A speech-language pathologist is the specialist who evaluates these conditions. The assessment typically involves a combination of standardized tests and real-world observation. You’ll be asked to repeat words, name objects, follow instructions, read aloud, and have a conversation. The pathologist listens for specific error patterns that help distinguish between aphasia, dysarthria, and apraxia. Brain imaging (usually an MRI or CT scan) helps identify the location and extent of any damage.

Getting the right diagnosis matters because treatment is different for each condition. Aphasia therapy focuses on rebuilding language pathways or finding alternative ways to communicate. Dysarthria therapy targets muscle strength, breath control, and speaking rate. Apraxia therapy involves intensive, repetitive practice of speech movements to retrain the brain’s motor planning.

What Recovery Looks Like

The brain has a remarkable capacity to reorganize itself after injury, a process called neuroplasticity. In the first weeks and months after a stroke, some recovery happens spontaneously as swelling decreases and the brain begins to heal. After that initial window, further improvement depends heavily on therapy.

Research on chronic stroke patients (more than a year post-stroke) shows that intensive speech therapy, generally one to three hours per day over two to four weeks, can produce measurable improvements in both language ability and brain activity. High-intensity, concentrated practice strengthens the connections between surviving neurons in the language network. Brain imaging studies have confirmed that even two weeks of intensive daily training can shift how the brain processes language.

Recovery timelines vary enormously depending on the size and location of the brain injury, the person’s age, and how quickly therapy begins. Some people regain most of their speech within months. Others make slower, steadier progress over years.

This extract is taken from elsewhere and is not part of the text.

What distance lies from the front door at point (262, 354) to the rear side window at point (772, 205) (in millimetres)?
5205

Improvement is possible even long after the initial injury, which is an important point because many people assume recovery has a hard deadline.

Communicating With Someone Who Has Speech Difficulty

If someone in your life has a speech disorder, a few strategies can make a real difference. Research on communication preferences found that people with aphasia specifically want their conversation partners to use visual aids, write down key words while speaking, and use gestures. These aren’t just nice extras. Patients identified them as essential strategies that their doctors often overlooked.

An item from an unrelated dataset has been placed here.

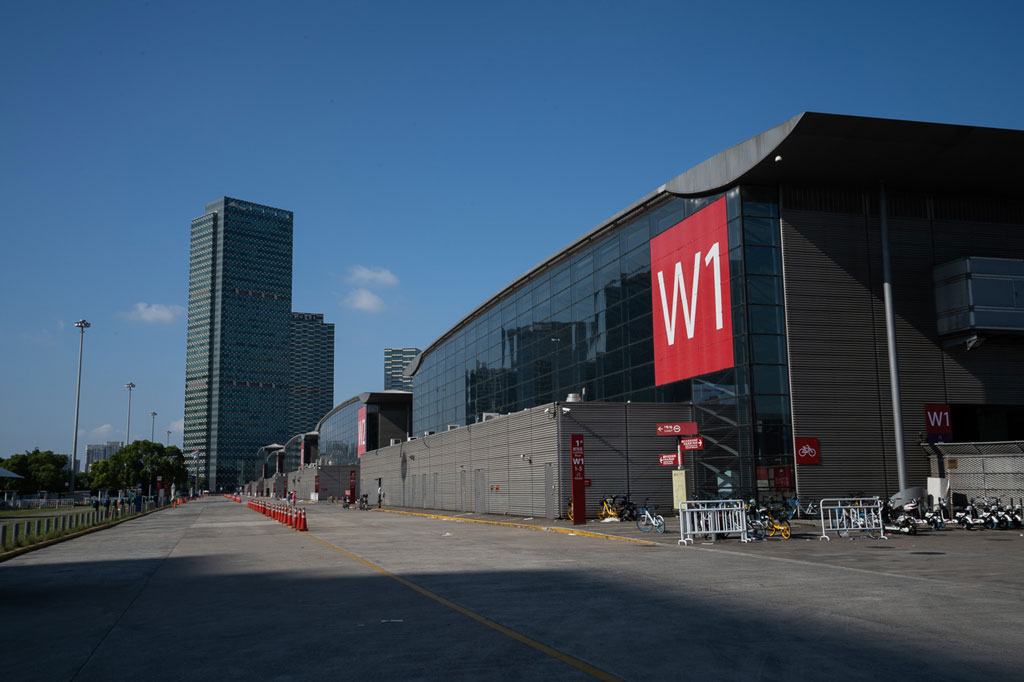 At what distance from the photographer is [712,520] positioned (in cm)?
2556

Beyond those specifics: give the person time to respond without finishing their sentences, reduce background noise, ask yes-or-no questions when open-ended ones are too frustrating, and keep your own sentences short and clear. The goal is to make communication possible, not to correct their speech. Most people with speech difficulties understand far more than they can express, and being treated as intellectually impaired is one of the most common and painful experiences they describe.